Gotham origin story

Batman lives in Gotham City. Where did the name come from? Its history follows a circuitous route via the 19th century equivalent of Mad magazine, smart idiots who hated public infrastructure, goats, and Robin Hood’s King John.

Gotham
John Beniston [CC BY 3.0], via Wikimedia Commons
Okay, sure, that sounds complicated, but it’s actually pretty simple. Gotham, the original, is a town in Nottinghamshire, England (the name means “goat home”). An old piece of English folklore holds that King John was planning to travel through Gotham. However, a king could only travel on a road that was open to the public and under royal protection – in other words, a king’s highway.

Just one problem: the residents of Gotham didn’t want a highway going through their town. Their plan, according to the legend, was to put on a performance of sorts for the king’s advance party. They pretended to be first class idiots.
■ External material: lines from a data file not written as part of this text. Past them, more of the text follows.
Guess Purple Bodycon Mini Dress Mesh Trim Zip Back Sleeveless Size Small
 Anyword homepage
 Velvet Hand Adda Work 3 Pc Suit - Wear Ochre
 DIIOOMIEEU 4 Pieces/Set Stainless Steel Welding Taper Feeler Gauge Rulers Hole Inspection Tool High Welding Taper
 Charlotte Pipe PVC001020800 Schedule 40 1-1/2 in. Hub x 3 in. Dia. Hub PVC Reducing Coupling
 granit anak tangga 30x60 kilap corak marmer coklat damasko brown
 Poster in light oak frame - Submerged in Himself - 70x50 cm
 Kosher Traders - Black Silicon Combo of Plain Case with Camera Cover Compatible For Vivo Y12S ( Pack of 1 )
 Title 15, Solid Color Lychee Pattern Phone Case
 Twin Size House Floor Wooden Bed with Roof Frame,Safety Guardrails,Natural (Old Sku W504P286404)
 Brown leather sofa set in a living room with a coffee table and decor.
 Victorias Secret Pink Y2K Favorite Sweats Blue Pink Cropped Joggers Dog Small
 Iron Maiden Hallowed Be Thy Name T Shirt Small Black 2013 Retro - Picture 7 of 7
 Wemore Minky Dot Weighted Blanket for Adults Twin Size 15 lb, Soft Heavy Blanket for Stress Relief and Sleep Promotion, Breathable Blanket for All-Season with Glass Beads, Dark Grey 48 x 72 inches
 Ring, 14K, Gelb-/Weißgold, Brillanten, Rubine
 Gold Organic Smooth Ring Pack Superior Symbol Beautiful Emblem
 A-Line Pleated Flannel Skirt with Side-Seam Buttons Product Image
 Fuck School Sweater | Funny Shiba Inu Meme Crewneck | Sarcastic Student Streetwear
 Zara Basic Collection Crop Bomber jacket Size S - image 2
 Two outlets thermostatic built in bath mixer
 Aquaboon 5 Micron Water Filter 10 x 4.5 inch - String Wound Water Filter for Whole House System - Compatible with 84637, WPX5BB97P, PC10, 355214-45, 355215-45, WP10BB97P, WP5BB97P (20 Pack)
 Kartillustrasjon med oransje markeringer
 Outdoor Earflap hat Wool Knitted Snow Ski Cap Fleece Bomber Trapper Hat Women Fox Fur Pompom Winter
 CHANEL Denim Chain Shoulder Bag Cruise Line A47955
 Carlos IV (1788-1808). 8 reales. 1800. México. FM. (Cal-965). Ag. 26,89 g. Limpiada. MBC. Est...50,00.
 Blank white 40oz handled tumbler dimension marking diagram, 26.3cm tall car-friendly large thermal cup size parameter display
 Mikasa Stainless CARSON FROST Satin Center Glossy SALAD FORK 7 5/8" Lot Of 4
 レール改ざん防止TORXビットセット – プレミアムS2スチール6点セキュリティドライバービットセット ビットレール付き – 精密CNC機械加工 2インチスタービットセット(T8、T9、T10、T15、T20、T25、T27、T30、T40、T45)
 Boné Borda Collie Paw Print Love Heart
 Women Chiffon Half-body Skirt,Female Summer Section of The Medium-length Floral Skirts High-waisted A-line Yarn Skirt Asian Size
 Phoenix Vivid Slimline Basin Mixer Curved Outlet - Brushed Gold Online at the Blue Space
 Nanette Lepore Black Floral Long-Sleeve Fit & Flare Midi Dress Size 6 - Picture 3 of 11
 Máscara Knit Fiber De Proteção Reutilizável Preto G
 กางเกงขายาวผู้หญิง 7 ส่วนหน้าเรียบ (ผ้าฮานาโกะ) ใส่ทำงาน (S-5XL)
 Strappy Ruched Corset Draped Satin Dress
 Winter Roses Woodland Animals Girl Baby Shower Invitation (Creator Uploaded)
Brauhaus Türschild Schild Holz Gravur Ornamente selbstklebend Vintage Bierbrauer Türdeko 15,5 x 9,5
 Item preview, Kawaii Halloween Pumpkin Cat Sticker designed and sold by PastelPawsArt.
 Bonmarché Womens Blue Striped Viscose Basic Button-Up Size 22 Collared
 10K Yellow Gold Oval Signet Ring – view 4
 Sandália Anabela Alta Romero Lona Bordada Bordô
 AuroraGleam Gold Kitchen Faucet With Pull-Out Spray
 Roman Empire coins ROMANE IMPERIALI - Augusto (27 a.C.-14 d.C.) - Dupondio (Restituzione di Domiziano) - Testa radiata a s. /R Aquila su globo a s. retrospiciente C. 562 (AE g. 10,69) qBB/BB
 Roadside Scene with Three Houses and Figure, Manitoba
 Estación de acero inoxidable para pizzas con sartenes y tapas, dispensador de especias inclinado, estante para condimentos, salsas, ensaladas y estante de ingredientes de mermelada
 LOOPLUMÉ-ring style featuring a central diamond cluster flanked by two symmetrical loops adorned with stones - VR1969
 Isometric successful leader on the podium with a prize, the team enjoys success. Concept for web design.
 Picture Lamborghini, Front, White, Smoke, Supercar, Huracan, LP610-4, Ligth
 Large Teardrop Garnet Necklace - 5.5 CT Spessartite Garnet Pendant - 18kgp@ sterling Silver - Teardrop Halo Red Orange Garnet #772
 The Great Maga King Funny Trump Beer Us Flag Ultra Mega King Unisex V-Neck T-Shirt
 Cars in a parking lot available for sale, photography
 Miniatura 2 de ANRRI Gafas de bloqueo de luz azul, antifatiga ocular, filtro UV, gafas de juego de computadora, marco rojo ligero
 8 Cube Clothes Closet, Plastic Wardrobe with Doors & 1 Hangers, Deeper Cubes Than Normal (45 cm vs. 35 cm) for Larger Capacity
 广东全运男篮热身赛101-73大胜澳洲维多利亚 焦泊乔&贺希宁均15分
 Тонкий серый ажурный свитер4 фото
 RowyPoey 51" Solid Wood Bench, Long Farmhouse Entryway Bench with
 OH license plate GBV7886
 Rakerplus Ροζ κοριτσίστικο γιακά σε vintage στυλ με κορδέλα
The medieval conception of idiocy presented in this story involves doing pointless tasks like rolling cheeses downhill; trying to drown an eel; and attempting to keep a bird in a bush or tree by surrounding it and holding hands. The place where that last one supposedly happened is pictured above.

Now, only one of those three actions is genuinely foolish. (Cheese-rolling has a long and famous history, and eels can technically “drown” in water if they cannot extract oxygen from it. But I digress…) Their actions so worried the king’s advance party that they elected to send the road elsewhere. The legend of the Wise Men of Gotham was born.

Washington Irving, the American author of The Legend of Sleepy Hollow, wrote for a satirical magazine called Salmagundi; or The Whim-whams and Opinions of Launcelot Langstaff, Esq. & Others. In one issue, he described New York as Gotham, drawing a connection based on the supposed shared idiocy of the inhabitants. The nickname was picked up and proudly used. From here, it was a short leap to Gotham as the name for the pseudo-metropolis in the Batman comics.